The updated data dictionary with calculated metrics: added. If adjusted close data is available, a returns table will be added under CalculatedMetric.RETURNS.value.

Return type:

dict[str, pa.Table]

Example

>>> data_dict = {'m_close_adjusted': price_table, 'm_vwap': vwap_table}
>>> result = service.add_calculated_metrics(data_dict)
>>> CalculatedMetric.RETURNS.value in result
True

extract_metric_tables(market_data_tables: dict[str, MarketDataTable]) → dict[str, Table]#

Convert MarketDataTable entities to metric-wise PyArrow Tables.

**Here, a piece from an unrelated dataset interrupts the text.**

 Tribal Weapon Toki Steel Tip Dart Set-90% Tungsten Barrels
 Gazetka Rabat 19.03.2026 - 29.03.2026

This method reorganizes ticker-based data into metric-based tables. Each resulting table has dates as the first column and tickers as subsequent columns.

Parameters:

market_data_tables (dict[str, MarketDataTable]) – Dictionary mapping ticker symbols to their MarketDataTable entities.

Returns:

Dictionary where keys are user’s column names: (e.g., “m_close_dividend_and_split_adjusted”) and values are PyArrow tables with date column + one column per ticker.

Return type:

dict[str, pa.Table]

Example:

# Input
{'AAPL': MarketDataTable(...), 'MSFT': MarketDataTable(...)}
# Output
{
    'm_close_adjusted': Table with columns [date, AAPL, MSFT],
    'm_vwap': Table with columns [date, AAPL, MSFT],
    ...
}

load_and_process_market_data(input_handlers: list[InputHandlerInterface], tickers: set[str], configuration: Configuration) → dict[str, Table]#

Execute the complete market data processing pipeline for multiple tickers.

This method orchestrates the entire process of loading, transforming, and enriching market data. It handles multiple tickers simultaneously and applies field mappings to standardize data structure across different input sources.

The processing pipeline includes: 1. Loading raw market data tables for each ticker 2. Extracting and organizing metric tables based on field mappings 3. Adding calculated metrics (returns, etc.) to the dataset

Parameters:

input_handlers (list[InputHandlerInterface]) – A list of input handler objects that implement the InputHandlerInterface.
tickers (set[str]) – A set of ticker symbols for which to load and process market data.
configuration (Configuration) – A configuration object containing settings and parameters for data loading and processing operations.

Returns:

A dictionary where keys are metric names (user’s column: names or calculated metric names) and values are PyArrow tables.

Return type:

dict[str, pa.Table]

Raises:

ReadingCSVError – If there are issues reading data files.
ValueError – If input handlers return unexpected data types.